◆ Brief: Within the records below, find the line containing "Used 2019 Nissan". Reproduce it and each line after it exactly, and nothing else.

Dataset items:
--------------------------------

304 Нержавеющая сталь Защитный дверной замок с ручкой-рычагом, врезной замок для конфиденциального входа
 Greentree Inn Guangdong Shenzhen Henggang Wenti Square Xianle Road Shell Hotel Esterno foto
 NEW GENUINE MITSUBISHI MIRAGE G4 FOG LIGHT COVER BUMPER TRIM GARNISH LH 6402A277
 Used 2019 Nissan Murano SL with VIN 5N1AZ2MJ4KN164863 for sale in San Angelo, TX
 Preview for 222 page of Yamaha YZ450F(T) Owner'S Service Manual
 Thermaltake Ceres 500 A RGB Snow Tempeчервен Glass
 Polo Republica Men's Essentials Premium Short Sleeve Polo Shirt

--------------------------------

◆ Written answer:
 Used 2019 Nissan Murano SL with VIN 5N1AZ2MJ4KN164863 for sale in San Angelo, TX
 Preview for 222 page of Yamaha YZ450F(T) Owner'S Service Manual
 Thermaltake Ceres 500 A RGB Snow Tempeчервен Glass
 Polo Republica Men's Essentials Premium Short Sleeve Polo Shirt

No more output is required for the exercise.